What you are asked to do: In the records below, repeat exactly the lines between the line holding "How's it going" and the line holding "Solar Analytics hardware", inclusive, and drop the pictures.

Source data:
-----
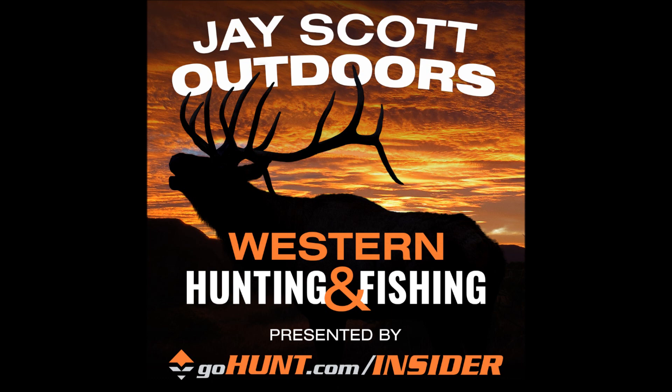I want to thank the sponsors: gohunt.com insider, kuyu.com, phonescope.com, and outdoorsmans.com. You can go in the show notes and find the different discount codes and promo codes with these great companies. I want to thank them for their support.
-----
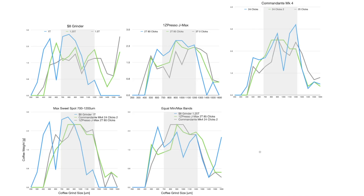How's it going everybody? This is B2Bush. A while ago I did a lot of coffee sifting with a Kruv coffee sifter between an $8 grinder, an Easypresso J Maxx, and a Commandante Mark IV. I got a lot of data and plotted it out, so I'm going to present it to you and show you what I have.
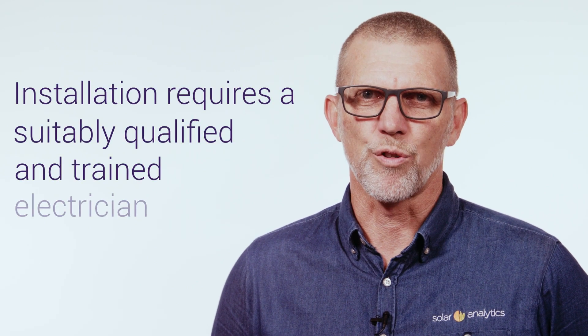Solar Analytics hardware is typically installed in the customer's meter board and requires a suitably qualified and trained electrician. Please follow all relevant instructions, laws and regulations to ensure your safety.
-----
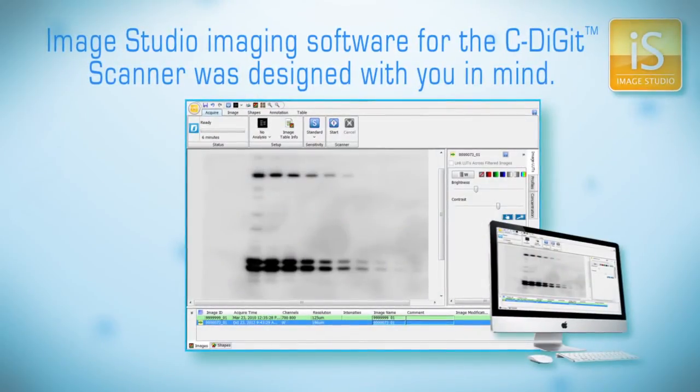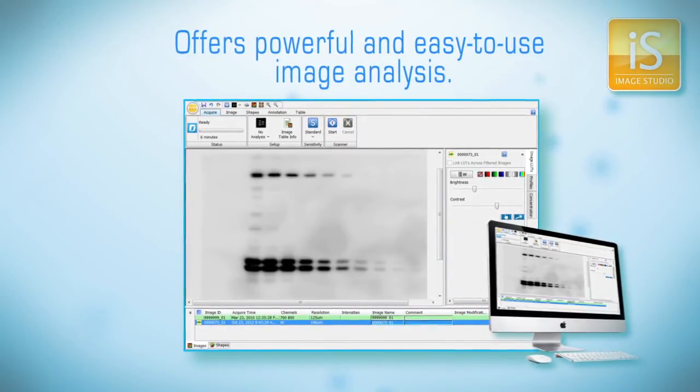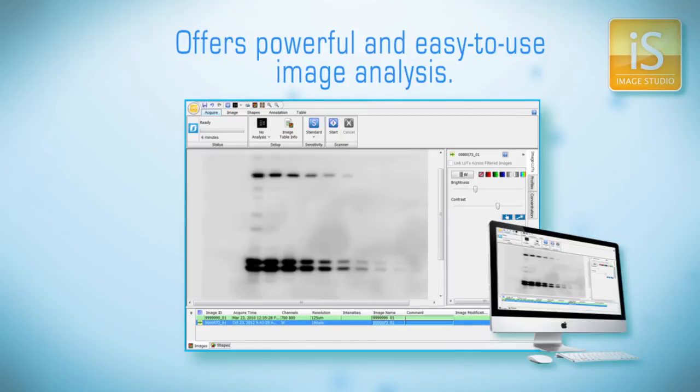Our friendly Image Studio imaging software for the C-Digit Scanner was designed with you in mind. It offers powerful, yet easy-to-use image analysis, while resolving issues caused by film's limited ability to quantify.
-----
Exercise solution:
How's it going everybody? This is B2Bush. A while ago I did a lot of coffee sifting with a Kruv coffee sifter between an $8 grinder, an Easypresso J Maxx, and a Commandante Mark IV. I got a lot of data and plotted it out, so I'm going to present it to you and show you what I have.
Solar Analytics hardware is typically installed in the customer's meter board and requires a suitably qualified and trained electrician. Please follow all relevant instructions, laws and regulations to ensure your safety.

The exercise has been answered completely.